17 Correlation
In correlation — or association analysis more generally — we can evaluate the relationships between numeric variables. These variables can be taxa or patient metadata. For instance, we might be interested in which taxa are present simultaneously with others, or whether body weight is associated with the abundance of certain taxa.

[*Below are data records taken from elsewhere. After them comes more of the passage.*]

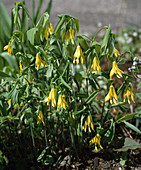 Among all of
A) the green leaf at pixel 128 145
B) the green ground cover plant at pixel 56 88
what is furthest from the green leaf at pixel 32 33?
the green leaf at pixel 128 145

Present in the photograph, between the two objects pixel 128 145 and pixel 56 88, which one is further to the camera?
pixel 128 145

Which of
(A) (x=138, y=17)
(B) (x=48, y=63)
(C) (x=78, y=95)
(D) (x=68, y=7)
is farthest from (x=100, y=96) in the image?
(D) (x=68, y=7)

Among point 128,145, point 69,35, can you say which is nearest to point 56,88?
point 69,35

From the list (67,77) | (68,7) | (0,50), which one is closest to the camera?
(67,77)

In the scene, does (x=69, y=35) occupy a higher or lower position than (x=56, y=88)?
higher

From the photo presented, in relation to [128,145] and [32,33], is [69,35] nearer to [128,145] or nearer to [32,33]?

In this chapter, we will demonstrate how to perform correlation analysis with getCrossAssociation()
method.
17.1 Association between taxa
Here we demonstrate, how to analyse which bacteria co-exists in the dataset.
library(mia)
data("peerj13075")
tse <- peerj13075
# Agglomerate to certain taxonomy level
tse <- agglomerateByPrevalence(tse, rank = "class")
# Apply clr-transform and scale
tse <- transformAssay(tse, method = "clr", pseudocount = TRUE)
tse <- transformAssay(
tse, assay.type = "clr", method = "standardize", MARGIN = "rows")
# Get correlation results
res <- getCrossAssociation(
tse, tse, assay.type1 = "clr", assay.type2 = "clr",
test.signif = TRUE, mode = "matrix")
We can visualize the result with heatmap as we do later in this chapter, or we can visualize the results with correlation network plot as done below.
library(qgraph)
# Create correlation network plot
qgraph(
res$cor, layout = "spring", labels = colnames(res$cor),
label.cex = 1.2, theme = "colorblind",
node.width = 1.5, node.height = 2)
You can find more on networks from Chapter 18.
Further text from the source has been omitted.